The Pay Gap Persists
One of the most glaring issues that pinkwashing conveniently sidesteps is the persistent gender pay gap. Women continue to earn less than their male counterparts for the same work.
According to Forbes, in 2022, women earned on average 17% less than men. For every dollar men earned, women earned 82 cents. Even when comparing women and men with identical job titles, seniority levels, and work hours, there is still an 11% gender pay gap in terms of take-home pay.
Despite women constituting 47% of the labour force in 2018, their median earnings continue to significantly lag behind those of men. It's projected by the Institute for Women’s Policy Research that we won't achieve gender pay equity until 2059.
While the issue has garnered attention, tangible action remains minimal. Companies that claim to support gender equality should be at the forefront of closing this gap. Offering a 20% discount for a day is not the solution, but a robust equal pay policy is.
Women's Safety is Non-Negotiable
Women's safety is a fundamental human right that should be upheld, respected, and protected by society as a whole. Unfortunately, despite the progress made in many parts of the world, women still face various forms of violence, harassment, and discrimination.
According to UN Women, on a global scale, approximately 736 million women, which is almost one in three women, have experienced physical violence at least once in their lifetime.
Meanwhile, in India, as reported by the National Crime Records Bureau, cases of crimes against women saw a 15.3% increase in 2021 compared to 2020. Furthermore, there were over 228,650 reported incidents of crimes against women in 2011, whereas in 2021, the number of reported incidents surged to 428,278, marking an 87% rise.
Pinkwashing campaigns often ignore the reality of gender-based violence. Organisations should commit to creating safe environments for women, whether it's in the workplace or beyond.
Instead of free drinks, companies should focus on creating anti-harassment policies, providing self-defence training, or supporting local initiatives that address the safety of women in their communities.
Abortion Rights and Women's Health
In most countries worldwide, women face legal or practical restrictions when it comes to their access to safe and lawful abortion. Even in cases where abortion is legally allowed, women frequently encounter substantial obstacles in obtaining safe abortion services due to inadequate regulation, healthcare facilities, or political support.

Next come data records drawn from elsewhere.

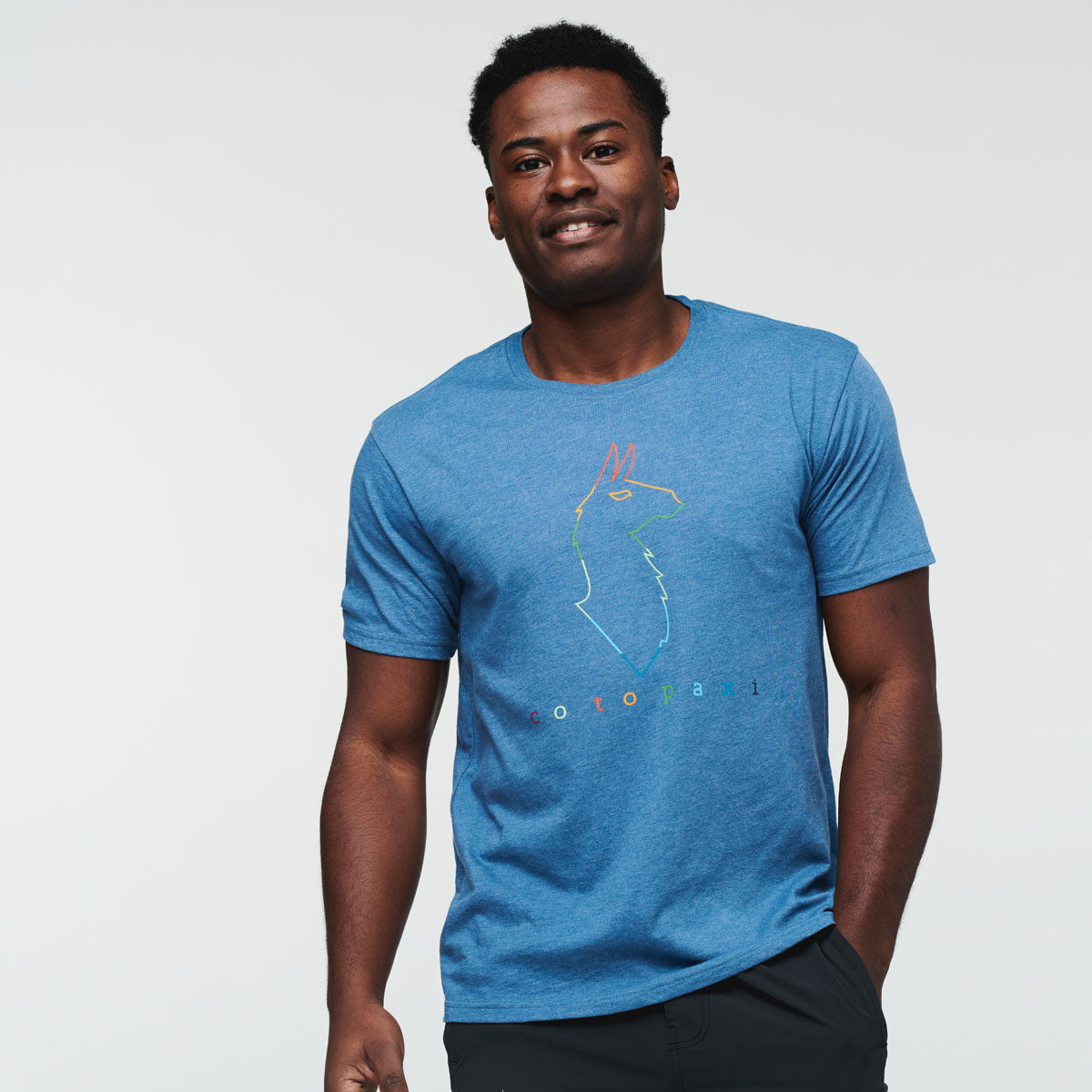 Alternative view of Electric Llama T-Shirt - Men's
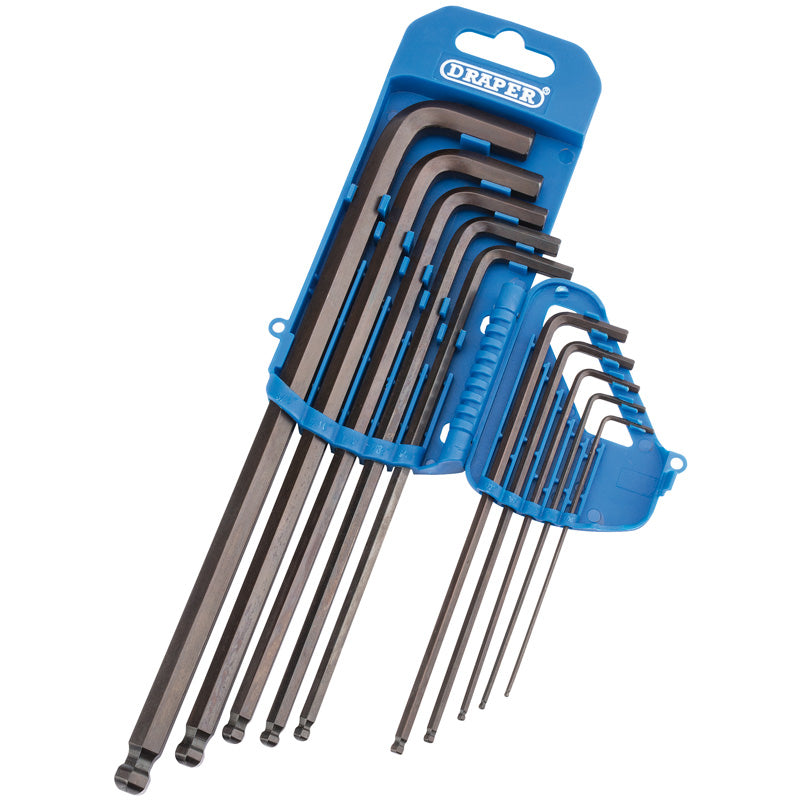 Draper Tools Extra Long Imperial Hexagon and Ball End Hexagon Key Set (10 Piece) DRA33723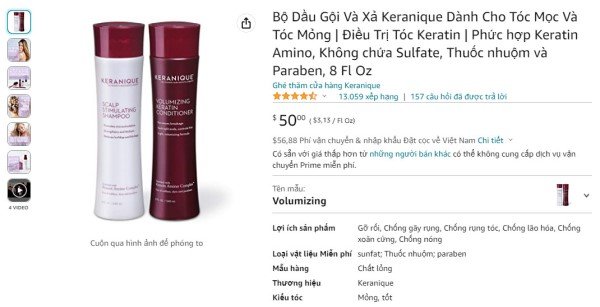 Keranique Scalp Stimulating Shampoo and Volumizing Conditioner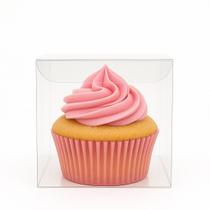 10 Caixas acetato transparente 8x8x8 para cupcake doces 10 Caixas acetato transparente 8x8x8 para cupcake doces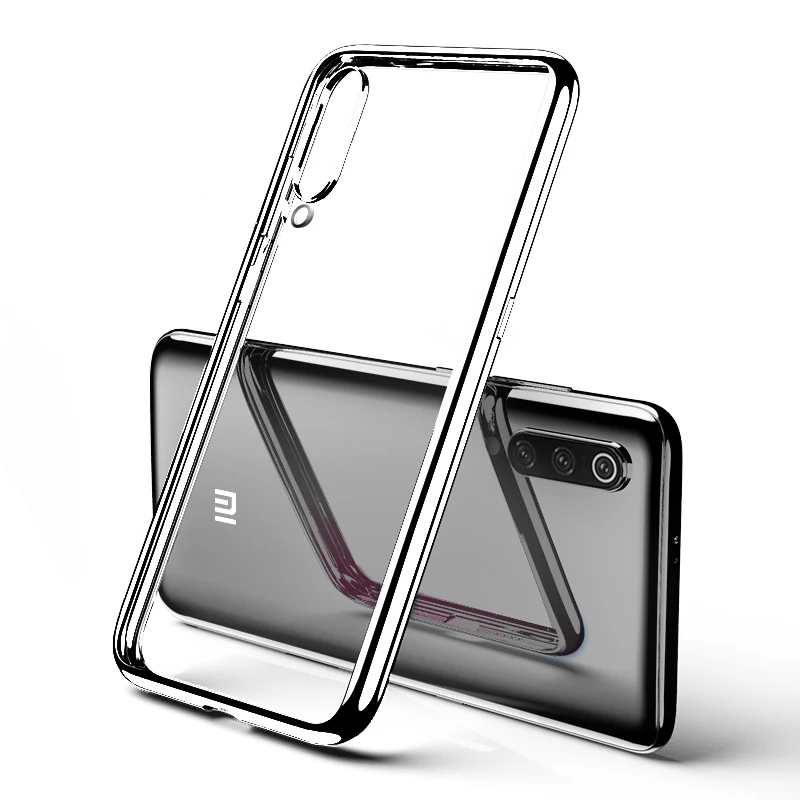 Серебристый Роскошный чехол с 3D лазерным покрытием для Xiao mi 9 mi 9 SE 9T Pro mi A3 Lite Red mi Note 8 7 K20 Pro 7A 8A прозрачный мягкий чехол из ТПУ - Цвет: Серебристый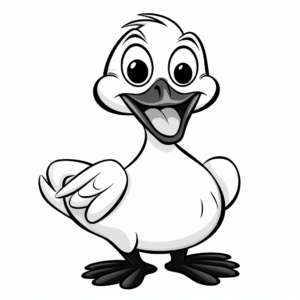 Simple and Cute Pelican Coloring Pages for Toddlers 4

The right to choose is a fundamental aspect of women's health and reproductive rights. Pinkwashing typically shies away from the topic of abortion, even though access to safe and legal abortion is a critical issue for women. Brands and organisations need to advocate for policies that safeguard these rights, rather than simply offering fleeting discounts.
Supporting Women's Economic Empowerment
Real support for women's causes means facilitating economic empowerment. This goes beyond handing out free manicures. It involves offering equal opportunities, supporting women-owned businesses, and creating mentorship programs for aspiring female entrepreneurs. Promoting women's financial independence is a sustainable way to contribute to gender equality.
Equal Representation and Decision-Making
Gender diversity in decision-making roles remains a considerable challenge. Companies should prioritise recruiting, retaining, and promoting women at all levels, especially in leadership positions. Empty gestures like 'Ladies' Night' promotions are insignificant when true gender diversity is lacking in boardrooms.
In conclusion, while it's commendable that brands and organisations want to support women's causes, it's crucial that their efforts move beyond pinkwashing. Real activism involves addressing systemic issues and promoting tangible change, such as closing the gender pay gap, ensuring women's safety, advocating for reproductive rights, and supporting women's economic empowerment.
As consumers and advocates, we must demand more from brands and organisations, holding them accountable for genuine and substantial contributions to women's rights and equality. The days of settling for pink coupons and free drinks should be behind us, replaced by a commitment to make a lasting difference in the lives of women everywhere.
Views expressed by the author are their own.